As technology goes, microscopes are pretty smart, allowing us to examine samples blown up thousands of times their original size. But what if a microscope was able to identify what it was looking at? And what if this capability could be used to save people’s lives?
That’s the idea behind new work carried out by microbiologists at Beth Israel Deaconess Medical Center (BIDMC), a teaching hospital at Harvard Medical School. Researchers there have developed a microscope that’s enhanced by machine learning technology to help diagnose potentially deadly blood infections, greatly improving patients’ odds of survival in the process.
“When someone has an infection in the hospital, patient samples are sent to a microbiology laboratory, where a diagnosis is made,” Dr. James Kirby, director of the Clinical Microbiology Laboratory at BIDMC and associate professor of pathology at Harvard Medical School, told Digital Trends. “There are different types of infections including bacterial, fungus, and parasites. These could be bloodstream infections, urinary tract infections, pneumonia, or diarrhea. The patient sample is examined under a microscope by a microbiology technologist, who recognize shapes, colors, and patterns of the organisms, and determines the class or type of infectious agent. This critical information is used by physicians to choose effective treatment.”
So why use artificial intelligence (A.I.)? The reason is that it takes years to become an expert who can accurately and consistently recognize microbes. It also takes a long time to review a sample — something that’s less and less easy to do in busy modern labs. To create a high-tech alternative, the researchers trained a convolutional neural network to recognize infectious agents in patient samples by showing it 100,000 training images. In tests, it was an astonishing 95 percent accurate at making diagnoses.

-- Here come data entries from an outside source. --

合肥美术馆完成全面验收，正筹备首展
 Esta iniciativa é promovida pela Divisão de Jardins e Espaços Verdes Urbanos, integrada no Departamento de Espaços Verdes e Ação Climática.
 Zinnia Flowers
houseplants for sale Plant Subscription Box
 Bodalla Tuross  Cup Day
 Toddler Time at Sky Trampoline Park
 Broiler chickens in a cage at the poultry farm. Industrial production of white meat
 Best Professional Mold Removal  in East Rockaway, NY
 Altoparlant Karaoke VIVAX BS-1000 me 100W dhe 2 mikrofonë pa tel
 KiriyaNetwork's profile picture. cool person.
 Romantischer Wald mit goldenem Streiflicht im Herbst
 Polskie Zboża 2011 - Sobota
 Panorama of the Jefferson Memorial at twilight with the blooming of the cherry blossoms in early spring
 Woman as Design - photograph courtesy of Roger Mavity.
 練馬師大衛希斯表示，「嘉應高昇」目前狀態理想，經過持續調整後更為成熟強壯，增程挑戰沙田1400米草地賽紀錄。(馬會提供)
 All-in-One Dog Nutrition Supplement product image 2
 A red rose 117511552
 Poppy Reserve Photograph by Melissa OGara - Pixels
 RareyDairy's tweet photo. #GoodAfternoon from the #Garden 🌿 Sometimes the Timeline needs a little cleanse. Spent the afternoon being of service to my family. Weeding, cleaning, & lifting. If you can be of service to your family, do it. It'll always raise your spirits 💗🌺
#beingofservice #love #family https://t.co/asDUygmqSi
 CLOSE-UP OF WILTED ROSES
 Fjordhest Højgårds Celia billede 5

“We can envision an A.I. that makes a primary diagnosis once it goes through its full pace of training and becomes expert,” Kirby continued. “However, one thing we are really excited about is something we call ‘technologist assist.’ The idea is to combine the skills of a microbiology technologist and A.I. Specifically, an automated microscope will capture hundreds of images from the patient specimen. The A.I. program would then identify select images containing microbes and present them to a technologist on a computer screen with a proposed diagnosis. The technologist would then scan the on-screen images and confirm the diagnosis. Microbes are often very rare in specimens, and it may take a long time for a technologist to identify microbes through the standard manual way. Technologist assist would reduce the technologist time needed for a diagnosis to seconds.”
A paper describing the project was recently published in the Journal of Clinical Microbiology.